Excerpts from a dataset:
+ + + +

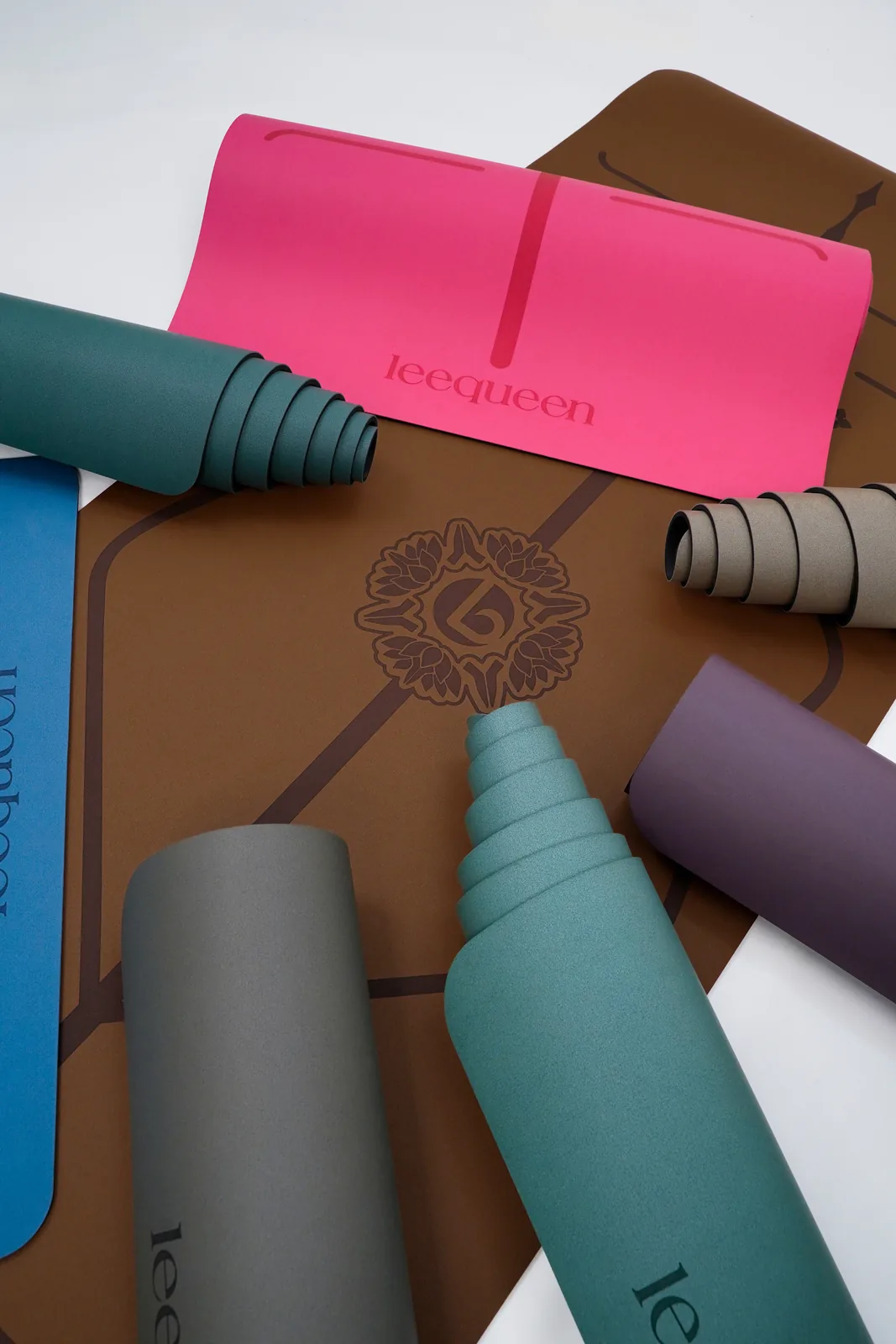 Bộ sưu tập thảm Yoga TITAN Leequeen chụp thực tế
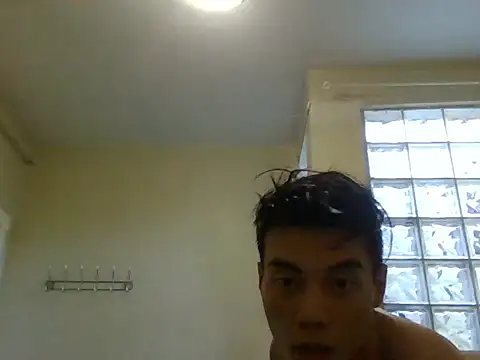 Snapshot of Allen8707 chatting on 06-03-26, 01:19 Allen8707 online show from 06-03-26, 01:19
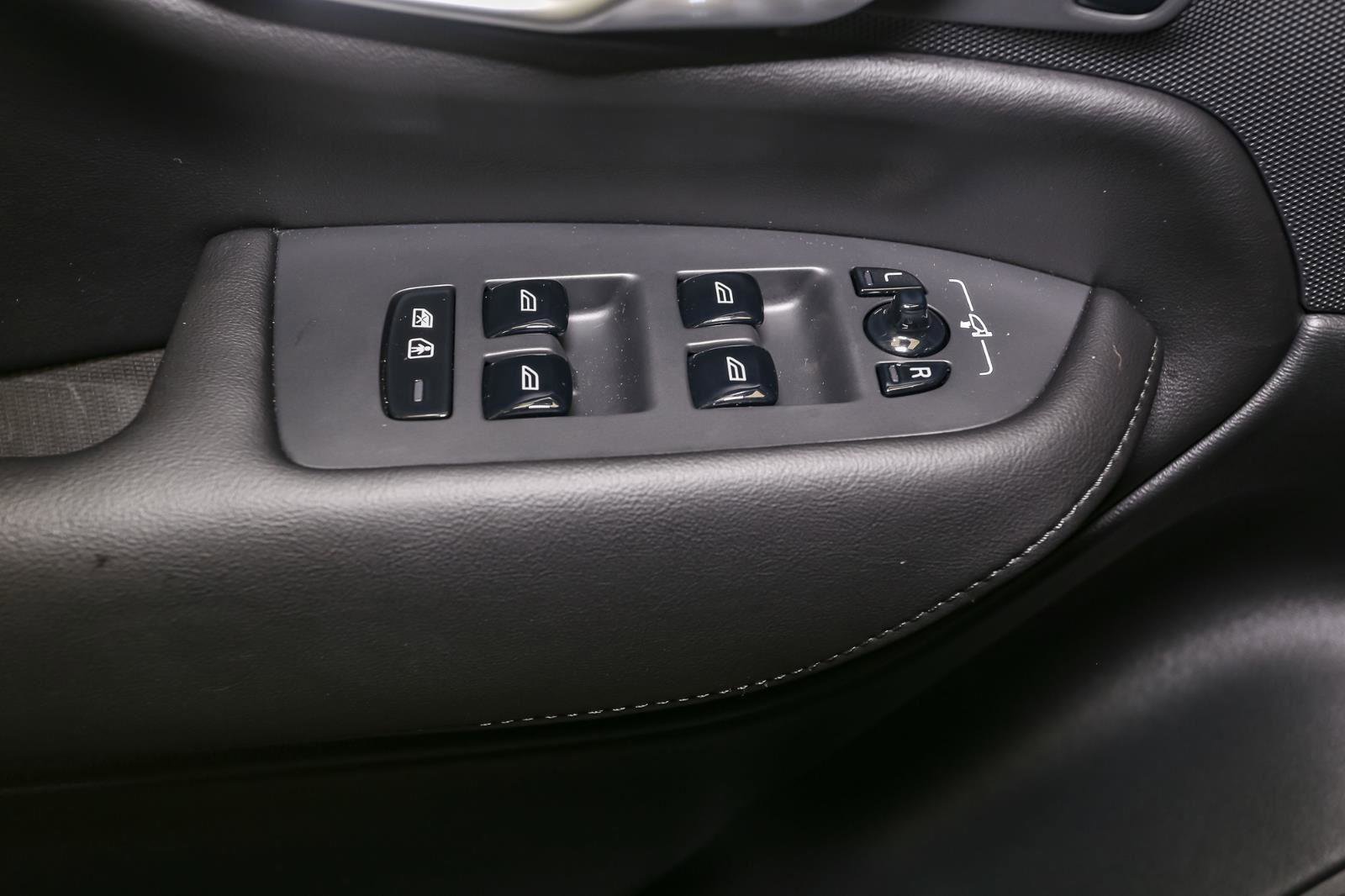 Used 2024 Volvo XC90 B5 Core w/ Climate Package image 41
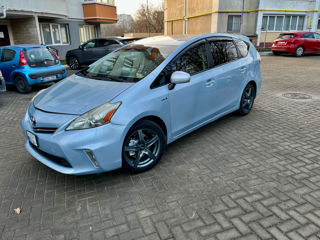 Toyota Prius v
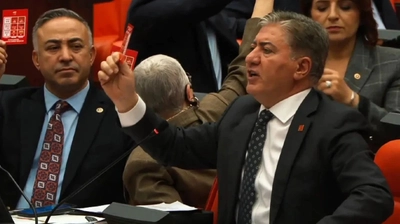 CHP'den TBMM'de Kırmızı Kart! Sırrı Süreyya Önder Böyle Tepki Verdi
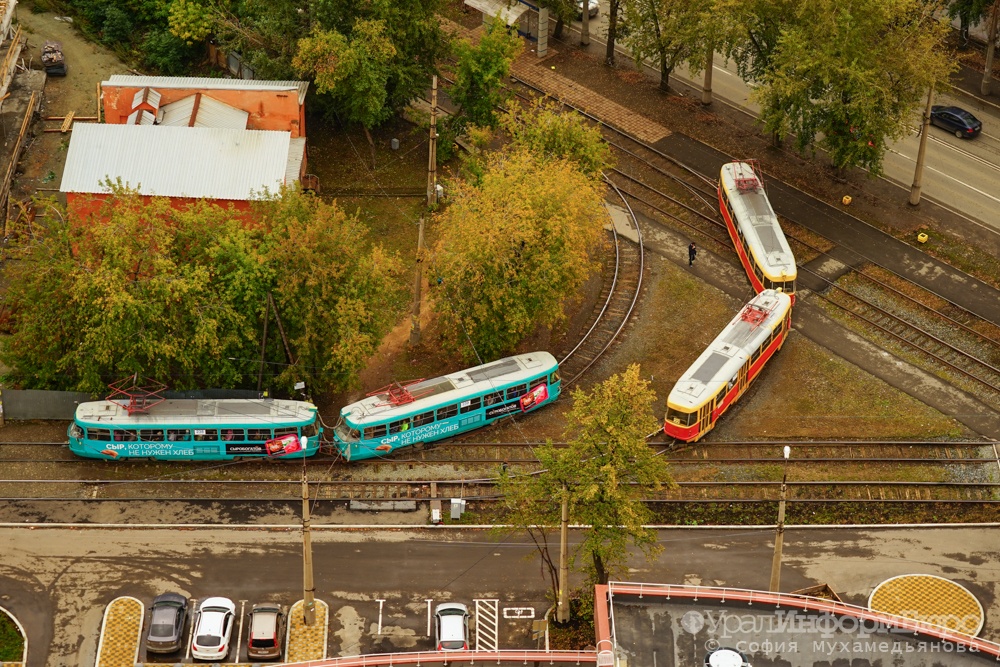  транспортные мупы екатеринбурга провалили планы перевозок 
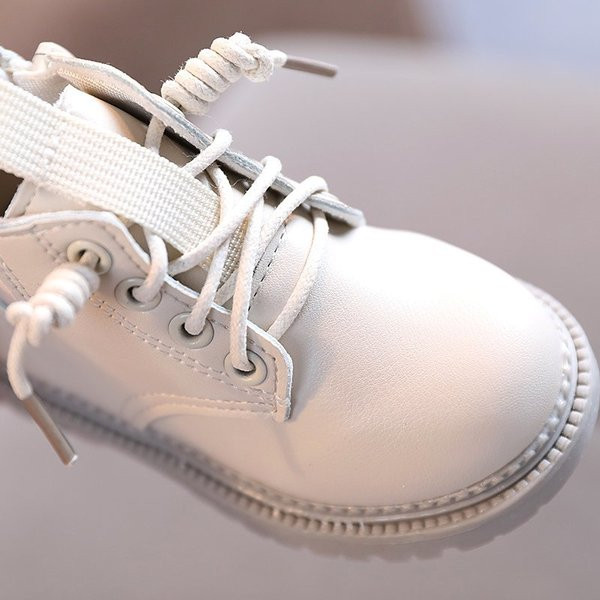 Детски боти с връзки и равна подметка в черен и бял цвят 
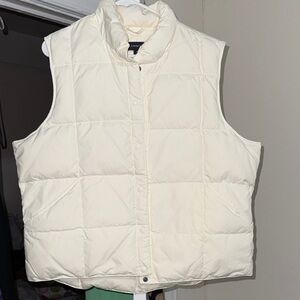 Lands' End Women's Ivory Puffer Vest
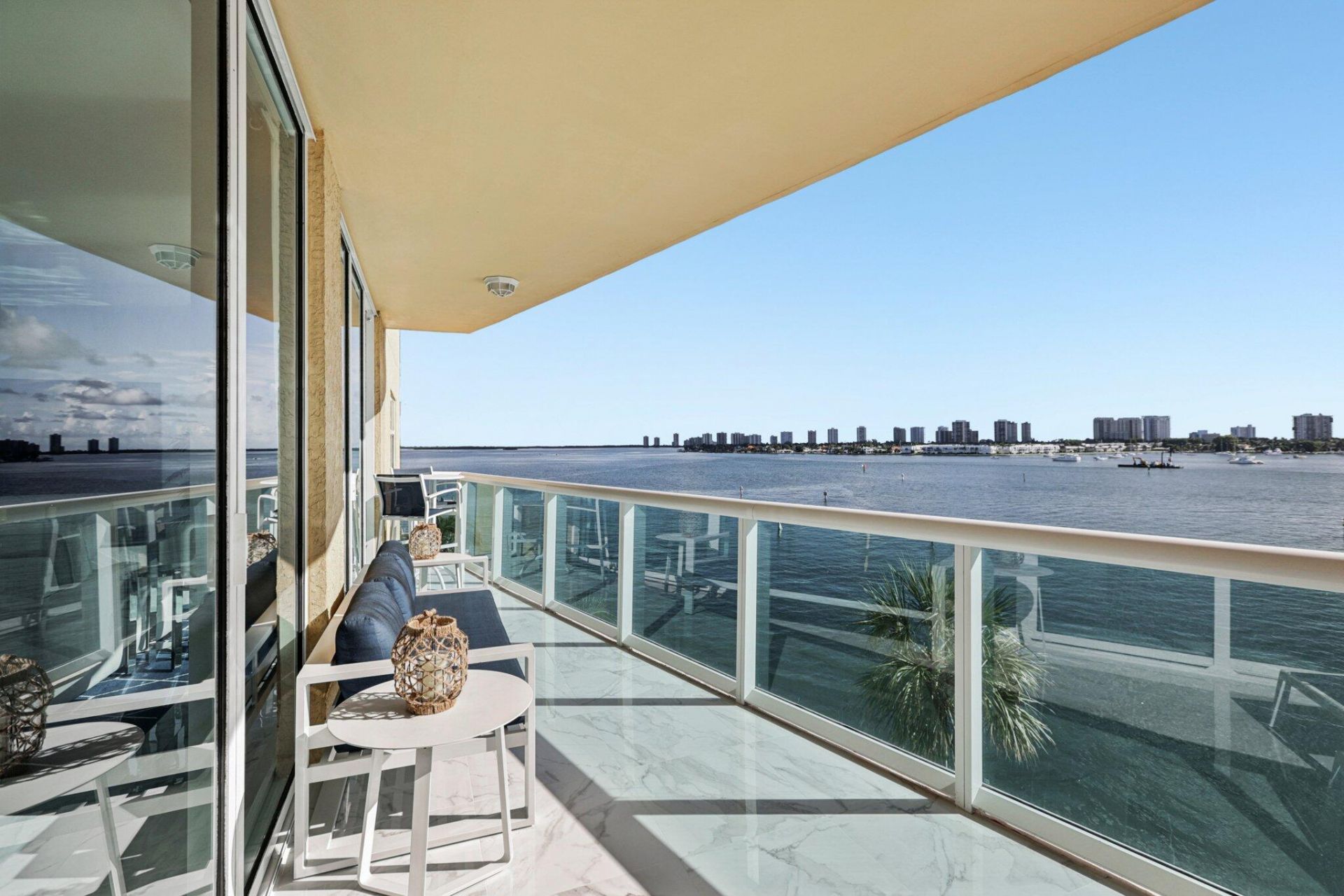 2640 Lake Shore Drive, Unit 507, Riviera Beach, FL 33404 Photo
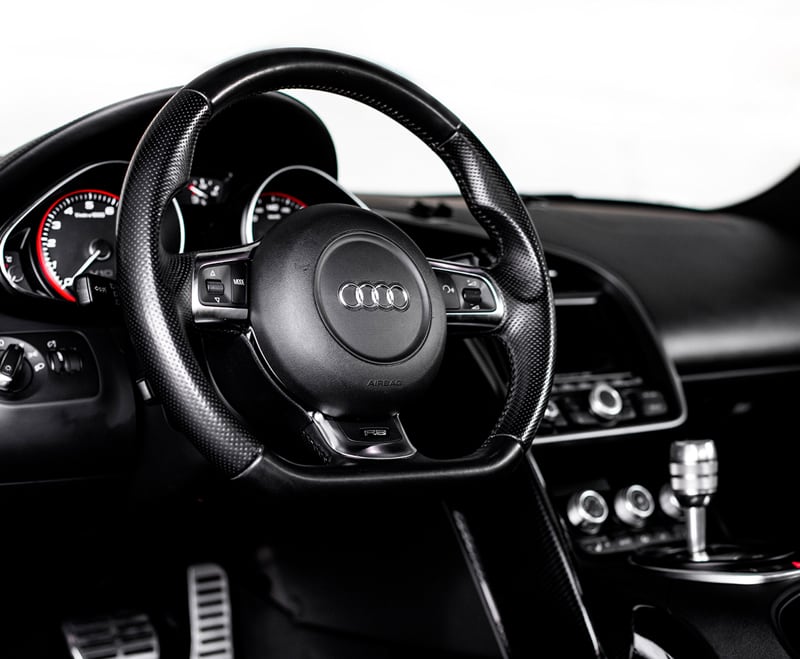 03-Audi-R8-Technical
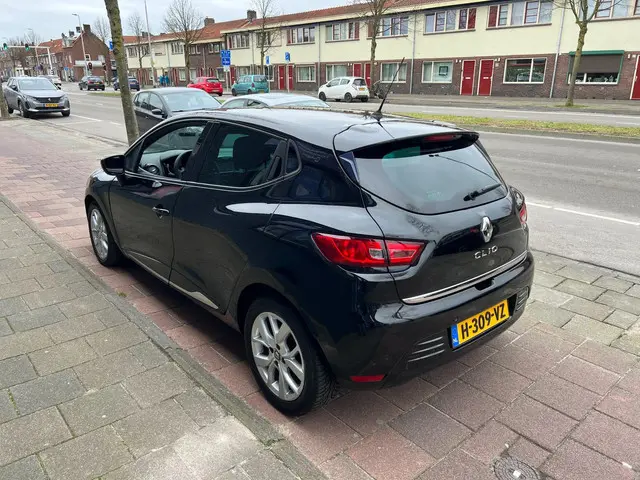 Renault Clio 1.2 TCe Intens automaat navi 2018 Benzine 4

+ + + +

Write out exactly the opening lines of the data, stopping after the line that holds "транспортные мупы екатеринбурга". Exclude pictures.

 Bộ sưu tập thảm Yoga TITAN Leequeen chụp thực tế
 Snapshot of Allen8707 chatting on 06-03-26, 01:19 Allen8707 online show from 06-03-26, 01:19
 Used 2024 Volvo XC90 B5 Core w/ Climate Package image 41
 Toyota Prius v
 CHP'den TBMM'de Kırmızı Kart! Sırrı Süreyya Önder Böyle Tepki Verdi
  транспортные мупы екатеринбурга провалили планы перевозок 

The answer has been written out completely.